If we look at the distribution of European megalithic structures, they closely match the supposed migration route of these people - from Malta via Iberia through Brittany and across to Cornwall, Wales, Ireland, the Isle of Man, western Scotland and the Hebrides to northern Scotland and Orkney.

Cultural artistic influences between Ireland and Orkney have been well documented by Sheridan - with a frequent back and forth of ideas, embellished at one location before returning to their source to re-influence subsequent expressions.

What is particularly interesting is the apparent diffusion of two specific aspects of Orcadian culture southwards through mainland Britain - the concept of "henging" and a style of pottery known as Grooved Ware. Thomas's paper on the topic of ceramics is well worth a read.

There was an obvious interest - perhaps obsession would be a better word - of the builders of these megalithic monuments with pointing them at key directions relating to the movements of the Sun and Moon over a development span of at least 2,000 years from the early 5th millennium BCE (in the case of the Locmariaquer complex) to the middle of the 3rd.

At the northernmost extreme of their range in Orkney, the rising and setting arcs along the horizons described by the Sun and the Moon are much greater than at their southern extreme around the Mediterranean.

For example, in 3000 BCE in Orkney (lat 59°N), the angle between summer and winter solstice sunrises is almost 105°, whereas in Malta (lat 36°N) it's only about 60°. The Moon's range at its Major Standstill is even greater - roughly 137° in Orkney versus 72° in Malta.

Without trying to suggest that people in the Neolithic had a concept of degrees, there's a very obvious difference between "obtuse" and "acute" angles.

... and there's a very obvious state that's exactly "between" these two - the right angle.

In Sweden there's a "stone boat" called Ales Stenar, which is oriented to the Winter Solstice Sunrise and Summer Solstice Sunset.
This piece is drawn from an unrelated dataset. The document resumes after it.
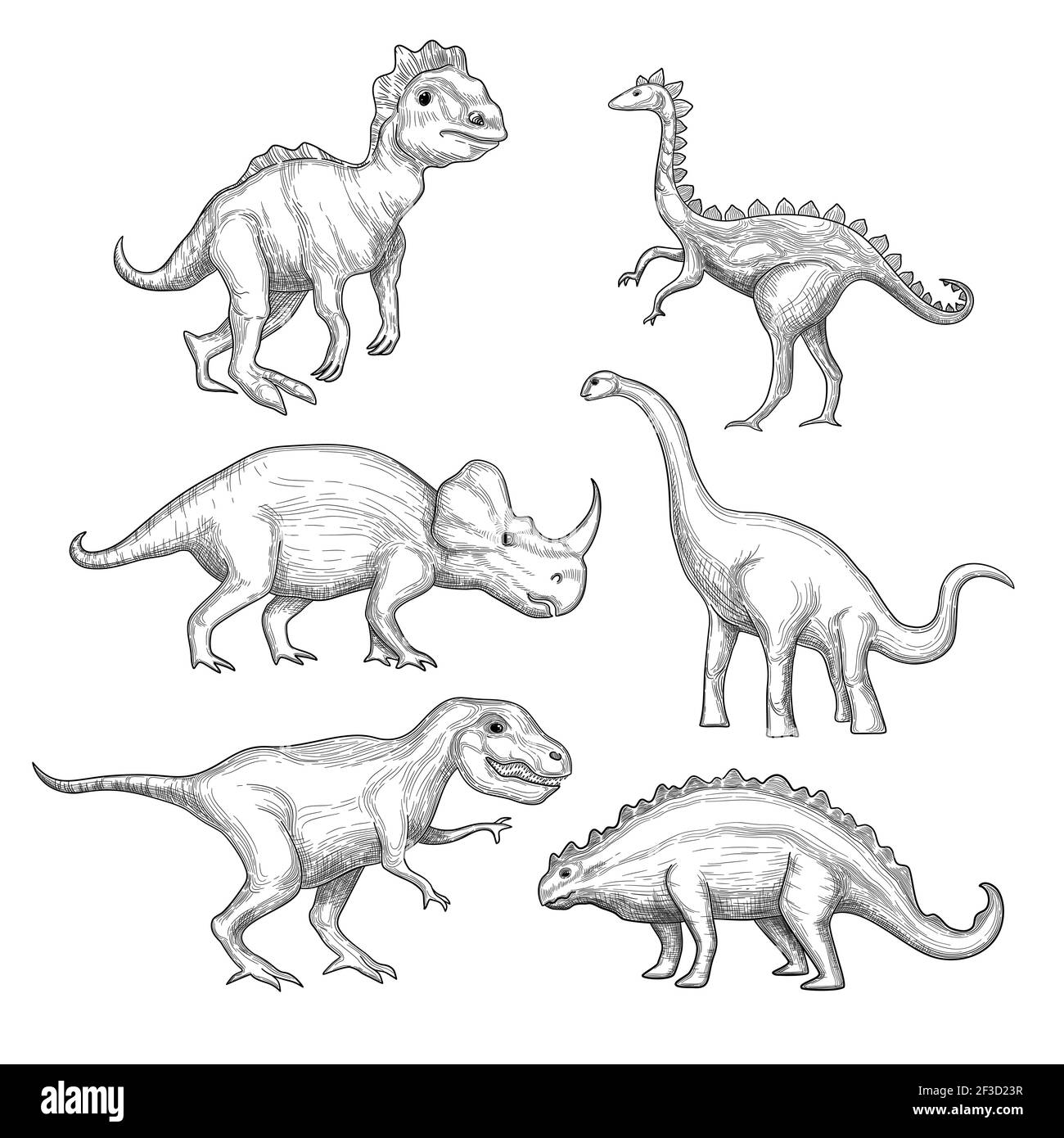 Dinosaurier. Paläontologie Ausstellung Sammlung pflanzenfressende Aussterben Dinosaurier in Aktion stellt Hand gezeichnet Vektor Stock Vektor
It's at the latitude 55° 22′ 57″ N, which happens to be precisely where the angle between summer and winter solstice sunrise is 90°.

Ales Stenar's alignments

Work by Higginbottom on the astronomical alignments of Orcadian sites threw up some interesting observations, particularly with respect to the Stones of Stennes.

From the press release of Higginbottom's 2016 paper

There's an interest being demonstrated by the builders here in alignments to both the Moon and the Sun at their extreme positions, and the one that's drawn my attention is the Northernmost Moonset versus Winter Solstice Sunset. At this site the angle between these positions is roughly 115° in 3000 BCE.

Is it conceivable that they might have wanted to find a spot where this angle is the special one "between acute and obtuse"?

If so, then after working their way down Britain they'd have found it at the latitude of 51° 10' 44" - Stonehenge.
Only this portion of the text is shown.